Jaime Escalante became famous outside of Los Angeles high schools because of the 1988 film Stand and Deliver. In the film, Escalante takes a group of Latino high school students who are barely passing basic math and helps them earn passing grades on the AP Calculus exam in the course of a year. The film has been shown in teacher training programs throughout the nation, illustrating the –impossibly quick!—impact a single motivated teacher who enforces high standards can have on students.
Unfortunately, Hollywood sprinkled quite a bit of its magic dust on Escalante’s story. It took Escalante ten years of work, as well as feeder calculus classes to build his program. His life story after the movie wasn’t too glamorous either.
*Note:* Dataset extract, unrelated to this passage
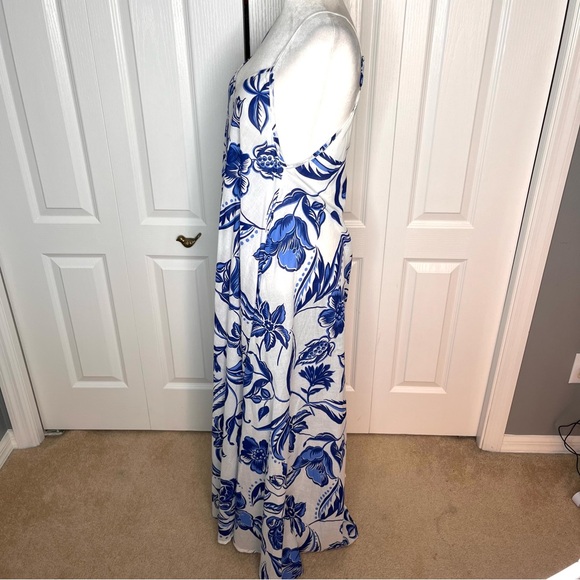 Haute Hippie Blue & White Floral Maxi Dress | 100% Cotton | Open Back | Size M - Picture 3 of 8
Instead of embracing his educational philosophy, many educators rebelled against it, causing Escalante to resign from his East Los Angeles school and move to Sacramento.
Escalante was born in 1930 in Bolivia. He moved to Pasadena, California, taking odd jobs like mopping floors as he worked towards his associate’s degree in math and physics. After finishing his degree, he became a technician in a Pasadena electronics company. He did well at the company, but still was drawn to teaching. He enrolled in Cal State Los Angeles for his teaching credential. In 1974, he took a job teaching at Garfield High in East Los Angeles.
In his first year at the school, Escalante was assigned to teach the lowest level math. He was underwhelmed by his textbook’s level—it taught at a fifth-grade level by Bolivian standards. He called the electronics company he worked for and asked for his job back.
But Escalante persevered at the school. In 1978, he taught his first calculus section, but only two of his students earned a passing score on the AP exam. Passing rates grew in the ensuing years, but it wasn’t until 1982, five years after he started teaching calculus, did the events described in the movie take place.
18 students enrolled in Escalante’s calculus section in 1982. Escalante forced them to study before and after school, as well as on Saturdays. All 18 of these students took the test and passed it. However, the Educational Testing Service believed many of the students had cheated because the answers on each of the tests followed similar patterns. 14 students were asked to take the test again. Twelve agreed to do so and all twelve did well enough to reinstate their original scores.
By 1990, Escalante’s math program had reached its peak. It involved over 400 students in math classes ranging from algebra to advanced calculus, with students with passing scores on the AP Exam nearly doubling each year. Escalante’s plan was to grow the program to over 1,000 students.
But Escalante didn’t make it. He and his math enrichment teachers left Garfield in 1991. Escalante was tired of the politics and jealousy of other teachers and administrators at Garfield, many of who were jealous of Escalante’s movie-making success. The academically-focused principal depicted in the movie also left the school, replaced by a principal more interested in extracurriculars than in a rigorous academic program.
After leaving Los Angeles, Escalante kept busy. He went to another high school in Sacramento and shocked his followers by opposing bilingual education in California in 1998. After seven years in Sacramento, Escalante moved back to Bolivia to teach at the university. He died in 2010.
Escalante's legacy will live on in the movie. Hopefully, educators will familiarize themselves with the real-life Escalante, however; his story was impressive enough on its own.